Bernanke: Stimulus still needed

The Associated PressMay 22, 2013 

Bernanke

Federal Reserve Chairman Ben Bernanke testifies on Capitol Hill in Washington, Wednesday, May 22, 2013, before a Senate Joint Economic Committee hearing on "The Economic Outlook" .

MANUEL BALCE CENETA — AP

— Chairman Ben Bernanke told Congress Wednesday that the U.S. job market remains weak and that it is too soon for the Federal Reserve to slow its extraordinary stimulus programs.

Reducing the Fed’s efforts to keep borrowing rates low would “carry a substantial risk of slowing or ending the economic recovery,” Bernanke said in testimony to the Joint Economic Committee, a panel that includes members of the House and Senate.

The Fed has been buying $85 billion a month in Treasury and mortgage bonds since September. That has helped lower long-term interest rates and encouraged more borrowing and spending.

Lawmakers pressed Bernanke to explain when the Fed might start to scale back its purchases. Bernanke said the pace could be reduced over the next few meetings, if the job market shows “real and sustainable progress.” And he wouldn’t rule out curtailing the purchases by Labor Day.

But Bernanke, a Dillon native, said that the Fed could just as quickly reverse course and pick up the pace if the economy falters.

Most of Bernanke’s testimony focused on the many risks facing the economy, along with the benefits gained so far from the Fed’s stimulus. His comments suggest the Fed is not ready to taper the bond purchases.
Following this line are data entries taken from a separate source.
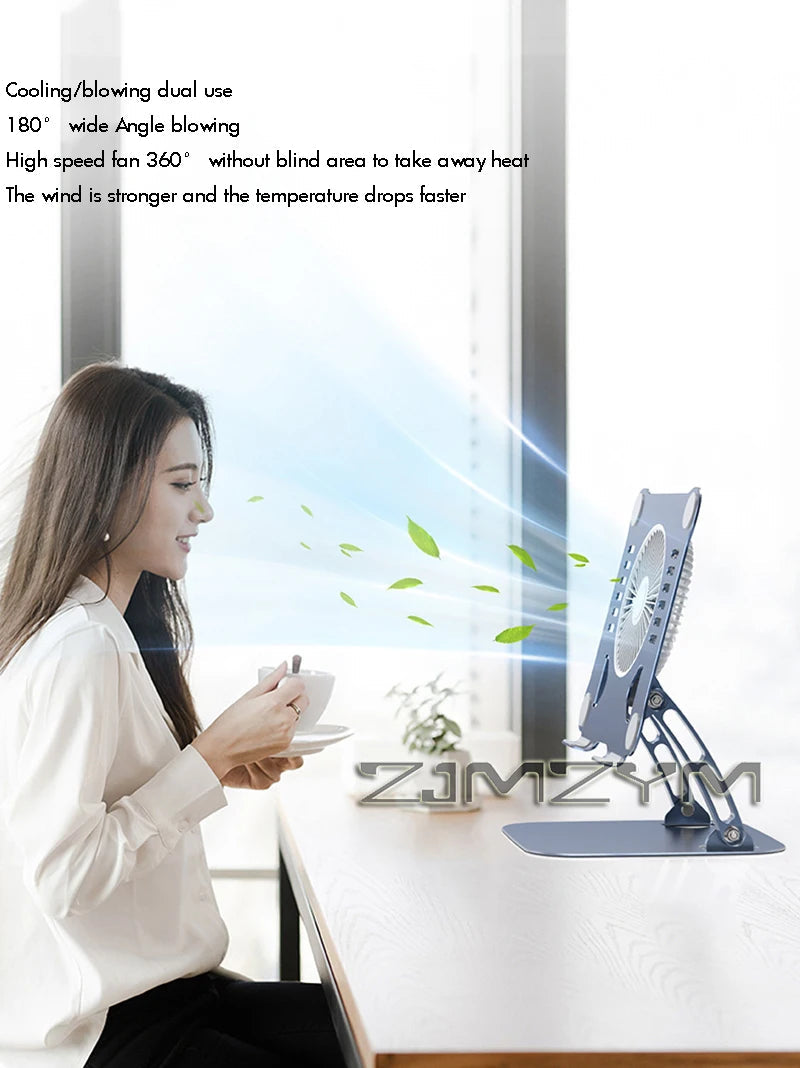Aluminum Laptop Stand with Cooling Fan Ergonomic Notebook Foldable Cooler Laptop  Adjustable Aluminum Laptop Stand exovai.com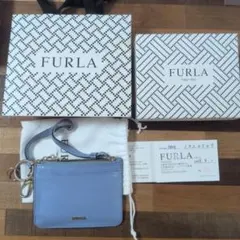 FURLA ライトブルー コインケース　パスケース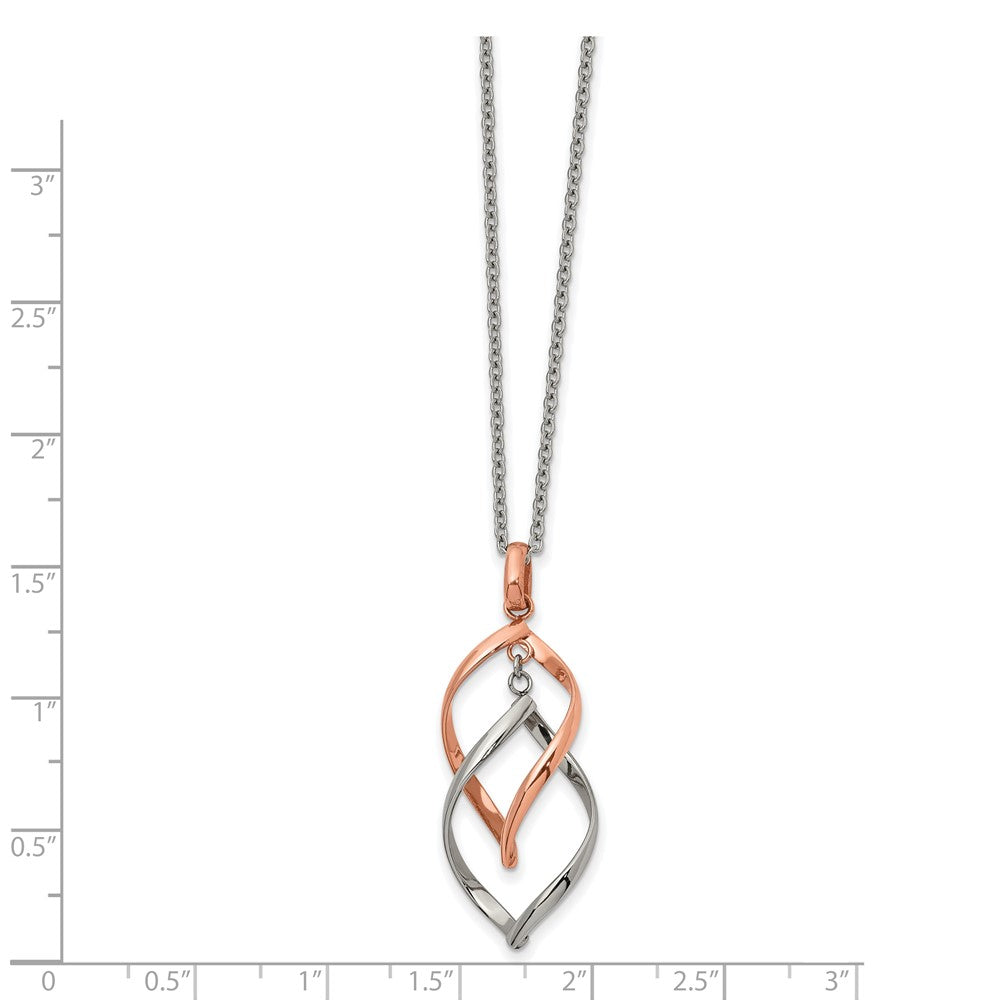 Stainless Steel Polished Rose IP-plated 16in w/2in ext Necklace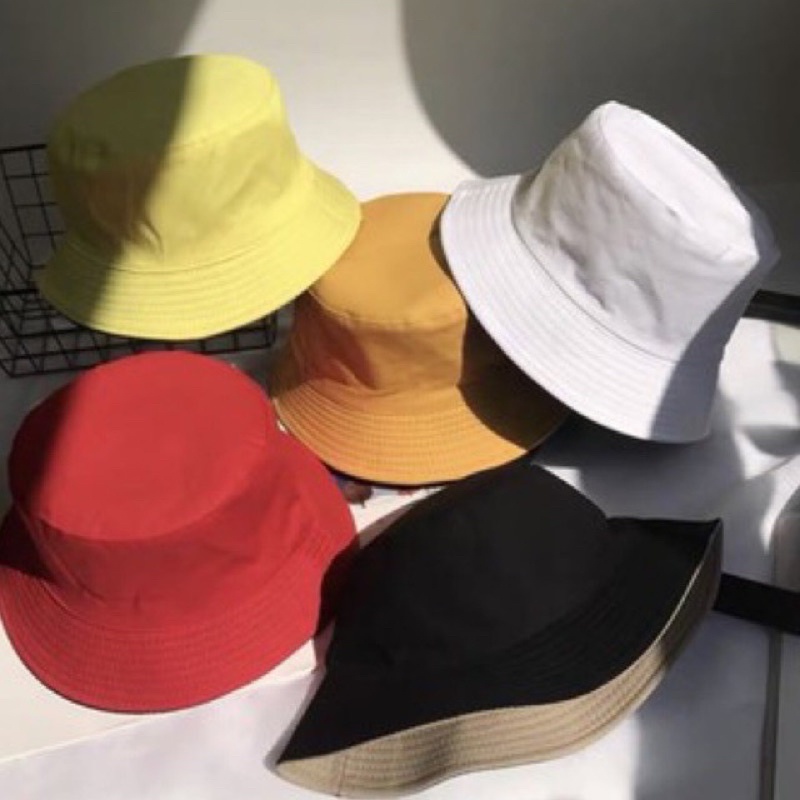 Nón bucket nam nữ, nón vành 2 mặt trơn nhiều màu sắc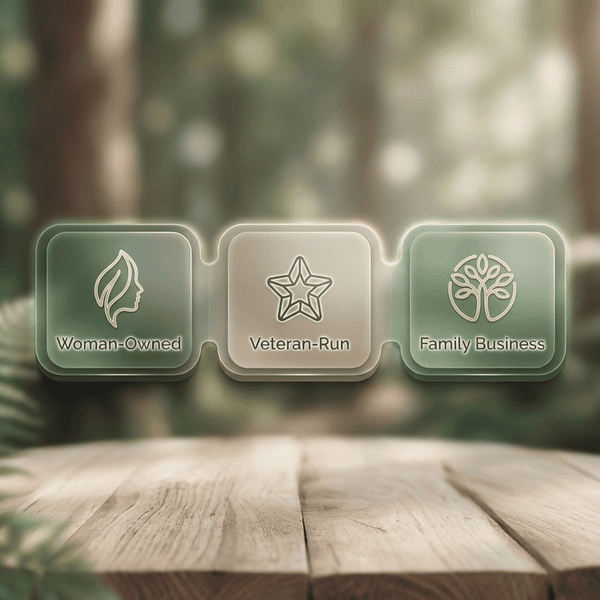 Woods to Wonders Wellness credentials — Women-Owned Business, Veteran-Run, and Family Business badges
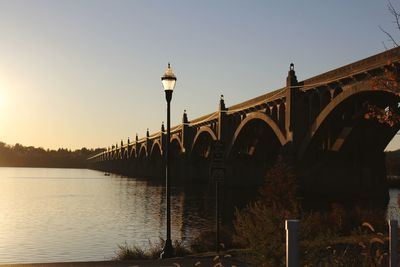 Bridge over river against clear sky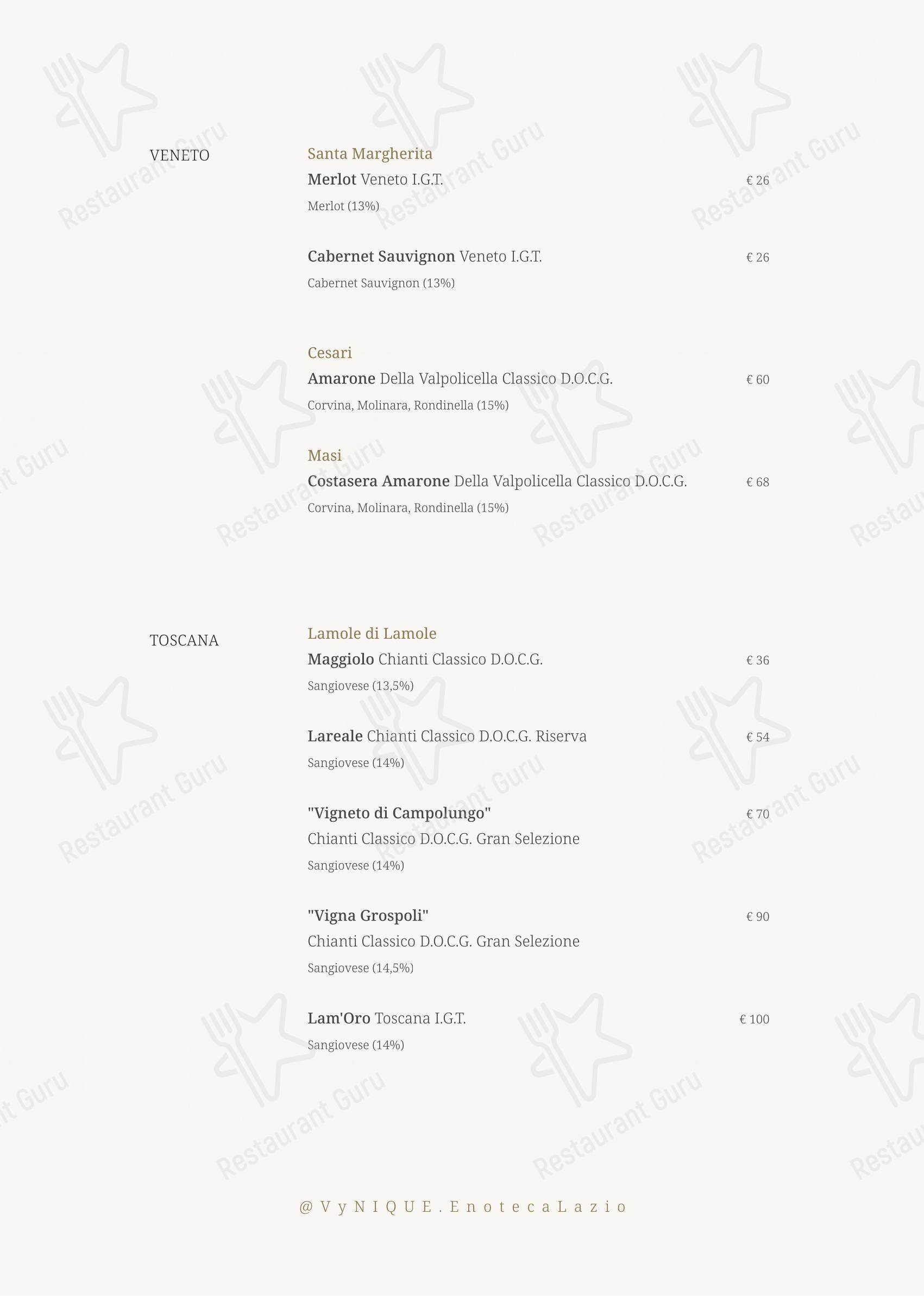 Menu di VyNIQUE Enoteca Regionale del Lazio - Menu bar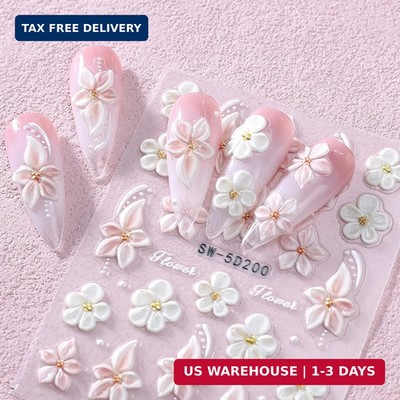 5D Embossed Flower Nail Stickers for Nail Art 3D Self-Adhesive Pink White Flower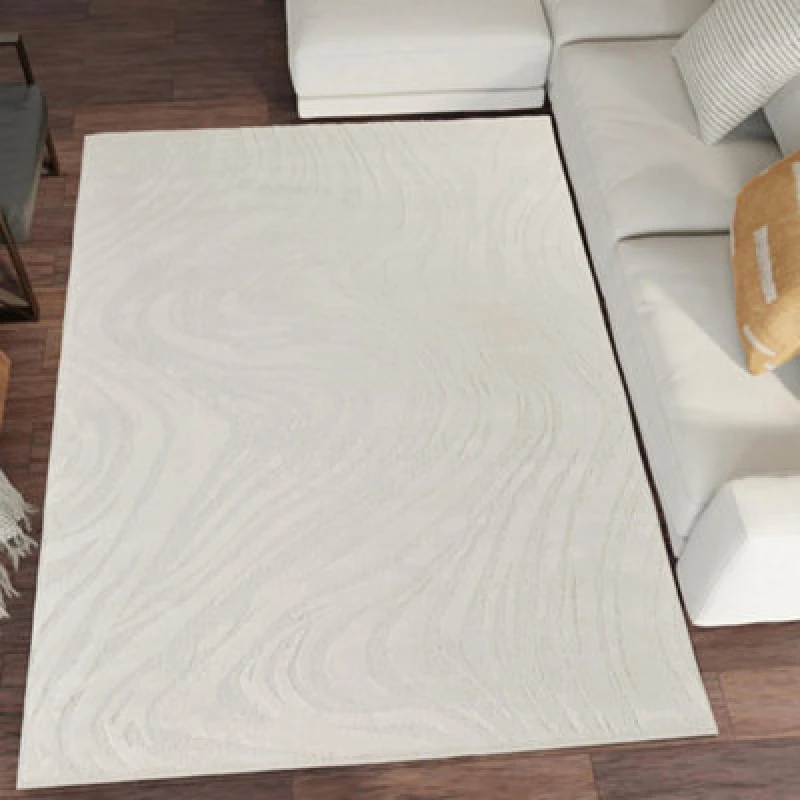 Image of Hamilton Modern Metallic Sheen Area Rug - Marble Inspired Design Cream 80Cm X 150Cm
Minutes of the Fed’s April 30-May 1 meeting show “a number” of members expressed a willingness to scale back the bond purchases as early as June – if the economy showed strong and sustained growth. But those officials appeared at odds over what evidence would demonstrate such gains, according to the minutes released Wednesday.

The Fed next meets on June 18-19.

Stocks surged immediately after Bernanke began speaking at 10 a.m. But they gradually fell during Bernanke’s testimony and then turned negative in the afternoon.